__Task objective__
Find the word "Beach" in the data. Return every line where it appears.

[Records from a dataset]
-=-=-

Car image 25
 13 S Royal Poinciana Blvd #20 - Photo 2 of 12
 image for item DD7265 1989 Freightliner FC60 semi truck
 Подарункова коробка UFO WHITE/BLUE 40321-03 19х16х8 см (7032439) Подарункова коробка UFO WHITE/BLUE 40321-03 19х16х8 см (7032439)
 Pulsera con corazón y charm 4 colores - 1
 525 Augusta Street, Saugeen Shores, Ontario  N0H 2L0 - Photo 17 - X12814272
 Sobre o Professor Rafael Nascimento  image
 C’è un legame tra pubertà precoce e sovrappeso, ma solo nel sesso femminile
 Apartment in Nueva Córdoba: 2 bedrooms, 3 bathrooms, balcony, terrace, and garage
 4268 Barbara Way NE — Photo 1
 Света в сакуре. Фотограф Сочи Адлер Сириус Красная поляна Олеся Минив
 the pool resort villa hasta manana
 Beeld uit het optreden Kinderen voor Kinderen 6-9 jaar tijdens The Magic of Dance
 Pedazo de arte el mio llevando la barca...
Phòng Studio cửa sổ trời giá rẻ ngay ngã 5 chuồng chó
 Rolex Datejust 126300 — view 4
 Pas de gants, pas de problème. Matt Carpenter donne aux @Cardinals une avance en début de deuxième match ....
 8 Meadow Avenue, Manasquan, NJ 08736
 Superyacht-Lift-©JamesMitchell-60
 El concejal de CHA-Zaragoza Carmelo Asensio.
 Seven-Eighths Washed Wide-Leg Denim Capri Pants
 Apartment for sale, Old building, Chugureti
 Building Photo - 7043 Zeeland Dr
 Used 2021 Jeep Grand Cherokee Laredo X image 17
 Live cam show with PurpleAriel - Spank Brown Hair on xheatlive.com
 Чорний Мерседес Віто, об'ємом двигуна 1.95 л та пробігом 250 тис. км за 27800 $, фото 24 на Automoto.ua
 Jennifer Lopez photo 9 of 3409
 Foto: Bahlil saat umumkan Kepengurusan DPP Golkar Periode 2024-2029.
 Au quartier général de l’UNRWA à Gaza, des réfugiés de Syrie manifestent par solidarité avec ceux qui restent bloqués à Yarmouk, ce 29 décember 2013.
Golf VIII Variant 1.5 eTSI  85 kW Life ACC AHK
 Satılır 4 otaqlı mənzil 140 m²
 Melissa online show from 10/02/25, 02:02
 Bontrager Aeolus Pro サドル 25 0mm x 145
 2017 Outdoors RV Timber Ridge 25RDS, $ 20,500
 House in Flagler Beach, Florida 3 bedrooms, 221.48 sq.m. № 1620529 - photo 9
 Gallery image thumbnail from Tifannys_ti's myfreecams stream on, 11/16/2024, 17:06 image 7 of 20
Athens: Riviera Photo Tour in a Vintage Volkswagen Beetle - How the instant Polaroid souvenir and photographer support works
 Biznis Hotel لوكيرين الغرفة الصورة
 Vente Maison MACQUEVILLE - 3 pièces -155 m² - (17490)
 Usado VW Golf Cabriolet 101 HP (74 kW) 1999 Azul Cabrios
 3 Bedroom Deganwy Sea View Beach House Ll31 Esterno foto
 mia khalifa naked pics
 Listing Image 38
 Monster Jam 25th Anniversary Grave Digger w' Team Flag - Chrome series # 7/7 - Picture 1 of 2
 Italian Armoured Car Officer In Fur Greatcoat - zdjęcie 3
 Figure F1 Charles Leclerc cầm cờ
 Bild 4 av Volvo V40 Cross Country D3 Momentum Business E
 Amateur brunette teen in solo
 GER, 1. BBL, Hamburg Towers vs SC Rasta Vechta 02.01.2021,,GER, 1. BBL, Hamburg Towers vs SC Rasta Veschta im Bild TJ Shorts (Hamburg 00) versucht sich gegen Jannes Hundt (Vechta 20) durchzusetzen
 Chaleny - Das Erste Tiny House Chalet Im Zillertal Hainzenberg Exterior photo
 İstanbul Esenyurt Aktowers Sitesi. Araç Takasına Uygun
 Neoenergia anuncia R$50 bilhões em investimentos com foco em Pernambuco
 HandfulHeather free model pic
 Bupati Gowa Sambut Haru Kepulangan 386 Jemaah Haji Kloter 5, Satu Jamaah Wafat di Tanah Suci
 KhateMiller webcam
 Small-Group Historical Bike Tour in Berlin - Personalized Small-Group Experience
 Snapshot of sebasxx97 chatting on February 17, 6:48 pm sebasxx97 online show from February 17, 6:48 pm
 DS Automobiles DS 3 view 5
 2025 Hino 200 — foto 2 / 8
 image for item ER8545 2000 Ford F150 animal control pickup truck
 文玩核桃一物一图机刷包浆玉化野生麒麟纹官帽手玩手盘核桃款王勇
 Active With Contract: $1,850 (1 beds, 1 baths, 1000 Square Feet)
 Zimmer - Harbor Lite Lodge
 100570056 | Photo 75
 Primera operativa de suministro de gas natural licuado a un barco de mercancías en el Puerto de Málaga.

-=-=-

__Output__
 House in Flagler Beach, Florida 3 bedrooms, 221.48 sq.m. № 1620529 - photo 9
 3 Bedroom Deganwy Sea View Beach House Ll31 Esterno foto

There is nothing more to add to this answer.